## [Work order]
Which lines of the records below contain the word "Image"? Report each of them in full.

Data supplied: Begin

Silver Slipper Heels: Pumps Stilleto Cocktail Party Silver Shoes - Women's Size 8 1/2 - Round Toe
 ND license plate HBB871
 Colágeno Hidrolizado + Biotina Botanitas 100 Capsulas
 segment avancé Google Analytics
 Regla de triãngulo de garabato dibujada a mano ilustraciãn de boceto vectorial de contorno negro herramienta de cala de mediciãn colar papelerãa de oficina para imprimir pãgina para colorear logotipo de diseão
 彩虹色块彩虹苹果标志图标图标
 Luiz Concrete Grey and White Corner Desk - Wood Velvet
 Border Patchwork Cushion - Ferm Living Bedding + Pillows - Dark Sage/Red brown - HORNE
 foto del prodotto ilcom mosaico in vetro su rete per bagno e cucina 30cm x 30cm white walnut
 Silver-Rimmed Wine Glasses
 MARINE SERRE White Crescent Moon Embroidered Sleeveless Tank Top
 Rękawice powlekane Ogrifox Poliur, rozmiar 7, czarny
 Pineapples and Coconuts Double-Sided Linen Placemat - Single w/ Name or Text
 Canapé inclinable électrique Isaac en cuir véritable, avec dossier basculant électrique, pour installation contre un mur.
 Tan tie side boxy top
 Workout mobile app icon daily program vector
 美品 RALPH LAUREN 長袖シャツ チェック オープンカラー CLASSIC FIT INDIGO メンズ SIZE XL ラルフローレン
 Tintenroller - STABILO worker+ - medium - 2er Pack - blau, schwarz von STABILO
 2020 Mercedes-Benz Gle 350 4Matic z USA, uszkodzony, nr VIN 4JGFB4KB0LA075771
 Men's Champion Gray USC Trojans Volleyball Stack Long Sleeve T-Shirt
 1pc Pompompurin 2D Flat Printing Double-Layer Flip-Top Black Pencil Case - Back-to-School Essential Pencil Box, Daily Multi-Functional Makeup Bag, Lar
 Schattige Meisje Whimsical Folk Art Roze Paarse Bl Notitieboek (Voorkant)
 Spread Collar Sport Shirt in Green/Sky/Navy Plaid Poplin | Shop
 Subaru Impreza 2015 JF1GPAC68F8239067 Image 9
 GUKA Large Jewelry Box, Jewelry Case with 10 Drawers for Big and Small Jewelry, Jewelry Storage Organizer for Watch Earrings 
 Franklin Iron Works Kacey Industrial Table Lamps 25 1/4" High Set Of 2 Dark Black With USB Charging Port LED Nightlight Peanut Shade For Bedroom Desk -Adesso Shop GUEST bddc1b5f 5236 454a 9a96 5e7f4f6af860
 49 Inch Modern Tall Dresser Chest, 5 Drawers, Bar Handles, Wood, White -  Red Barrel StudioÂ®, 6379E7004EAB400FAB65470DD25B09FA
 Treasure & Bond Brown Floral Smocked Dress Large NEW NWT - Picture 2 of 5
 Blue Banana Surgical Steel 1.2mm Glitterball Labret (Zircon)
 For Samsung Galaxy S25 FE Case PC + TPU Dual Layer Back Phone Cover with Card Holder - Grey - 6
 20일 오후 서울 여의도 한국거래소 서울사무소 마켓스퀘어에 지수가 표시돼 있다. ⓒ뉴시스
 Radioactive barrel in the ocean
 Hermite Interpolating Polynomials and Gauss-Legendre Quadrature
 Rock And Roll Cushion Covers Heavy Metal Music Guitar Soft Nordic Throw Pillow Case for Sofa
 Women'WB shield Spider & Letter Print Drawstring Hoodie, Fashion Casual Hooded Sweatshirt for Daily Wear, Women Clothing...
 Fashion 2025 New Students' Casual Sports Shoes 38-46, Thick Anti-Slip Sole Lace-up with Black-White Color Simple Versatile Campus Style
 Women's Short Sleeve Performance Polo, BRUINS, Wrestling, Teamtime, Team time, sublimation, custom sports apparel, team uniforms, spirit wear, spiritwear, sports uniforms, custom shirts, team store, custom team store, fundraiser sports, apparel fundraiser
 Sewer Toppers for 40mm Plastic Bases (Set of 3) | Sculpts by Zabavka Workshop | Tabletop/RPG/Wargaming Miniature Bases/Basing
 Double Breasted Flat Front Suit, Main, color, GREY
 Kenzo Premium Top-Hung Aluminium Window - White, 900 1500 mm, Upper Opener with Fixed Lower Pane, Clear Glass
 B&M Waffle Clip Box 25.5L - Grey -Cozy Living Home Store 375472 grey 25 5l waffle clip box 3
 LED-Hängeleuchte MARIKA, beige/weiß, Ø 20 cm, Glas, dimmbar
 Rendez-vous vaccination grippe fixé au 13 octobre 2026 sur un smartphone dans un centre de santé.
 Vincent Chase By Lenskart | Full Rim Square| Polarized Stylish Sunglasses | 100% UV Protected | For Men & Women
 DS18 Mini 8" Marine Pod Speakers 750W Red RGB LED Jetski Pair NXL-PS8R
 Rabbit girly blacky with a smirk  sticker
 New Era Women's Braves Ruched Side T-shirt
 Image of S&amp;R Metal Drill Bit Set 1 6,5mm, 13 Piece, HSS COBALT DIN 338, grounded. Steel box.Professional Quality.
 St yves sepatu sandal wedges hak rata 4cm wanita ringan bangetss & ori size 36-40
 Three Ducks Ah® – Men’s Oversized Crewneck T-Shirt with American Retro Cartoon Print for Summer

Data supplied: End

## [Solution for this exercise]
 Subaru Impreza 2015 JF1GPAC68F8239067 Image 9
 Image of S&amp;R Metal Drill Bit Set 1 6,5mm, 13 Piece, HSS COBALT DIN 338, grounded. Steel box.Professional Quality.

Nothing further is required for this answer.